The movement had continued to defy political and police authority. On the 14/15 June, an attempt was made by the ‘first’ of these acampadas, BCN, to shut down the Catalan parliament. The 14/15 June was the day that the budget containing the cuts to the welfare system was to be discussed. The plan was to ‘occupy’ the Ciutadella park (where the parliament is housed) and wake up in the morning to greet the politicians arriving to do business. The idea behind this political action was to highlight the glaring chasm between the will of the people and the actions of the MPs ‘chosen’ to represent them – ‘chosen’ that is in the sense that the governing party of the Catalan government, the CiU, having only obtained 16% of the vote, ‘gained a majority’ by forming a coalition with the PP (el Partido Popular – Spain’s answer to the Tory party). On the night of the 14th, two intellectuals addressed a growing crowd at length about the economic and political alternatives to the crisis, contradicting the oft-repeated, common sense shrug of the shoulders response to the economic crisis: ‘Well, there’s no more public money, all that’s left is to cut’.

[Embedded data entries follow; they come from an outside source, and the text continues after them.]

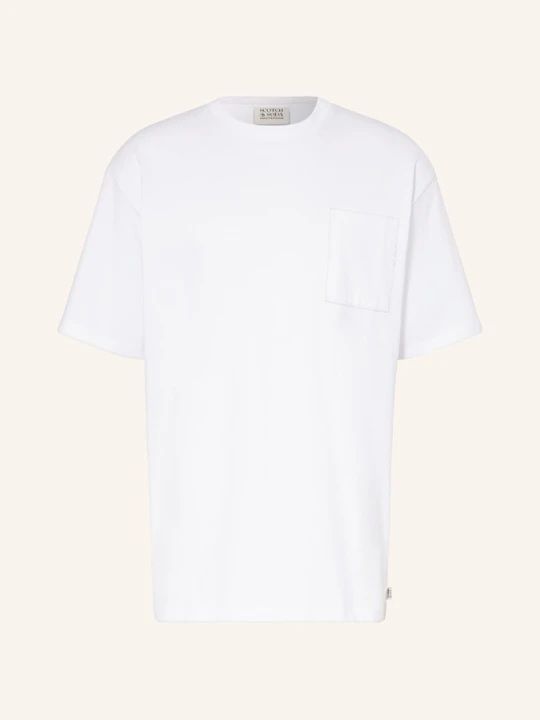 Zdjęcie produktu Scotch & Soda T-Shirt Core weiss BIAŁY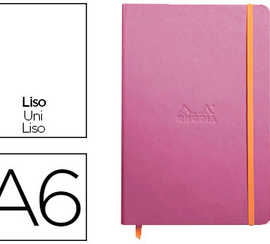 carnet-rhodia-webnotebook-a6-9-x14cm-couverture-simili-cuir-lilas-192-pages-90g-uni-alastique-marque-page-orange
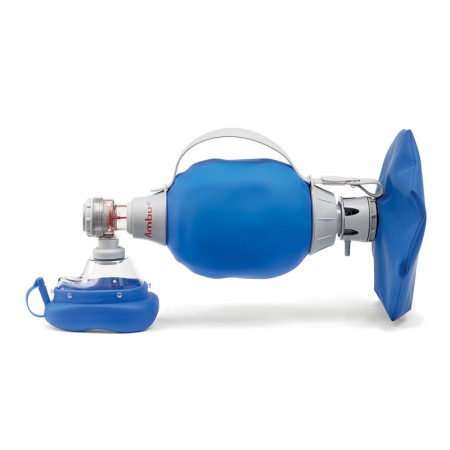 Pallone ambu mark iv - adulti - con reservoir 1.500 ml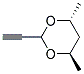 1,3-Dioxane, 2-ethynyl-4,6-dimethyl-, [4r-(2alpha,4alpha,6beta)]-(9ci) Structure,102340-79-4Structure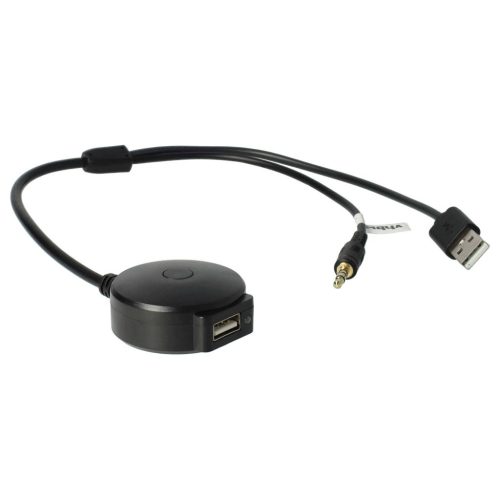 VHBW MINI BMW R56 AUX Audio Adapter Cable - 18cm, USB, Bluetooth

Early on the morning of the 15th, anti-riot police vans roll in to the area of the Ciutadella park and begin to secure an entrance. They clear one gate of its protestors and are suddenly surrounded by 3,000 angry demonstrators. In response to this act of people power, 30 more police vans arrive – a black metallic army. Once there, individual policemen camouflaged in black and navy blue filter out of their vehicles like industrious ants, beginning to shoot rubber bullets and blanks into the air to scare and move the protestors. The protestors sit down and link arms like colourful festive paper decorations made at Christmas and one by one they are cut away from each other by police who charge and beat up those unlucky enough to be in the front line. Despite this imminent threat of violence at the hands of the mossos (said to resemble Darth Vader because of their dark oblong helmets, the invisibility of their faces and their general brutish demeanour), the crowd begin to hum “dah-dah-dah-dah-dah-dah-dah-dah” to the tune of the Star Wars soundtrack. Unfortunately this Darth Vader will not seek redemption by sacrificing himself for future generations.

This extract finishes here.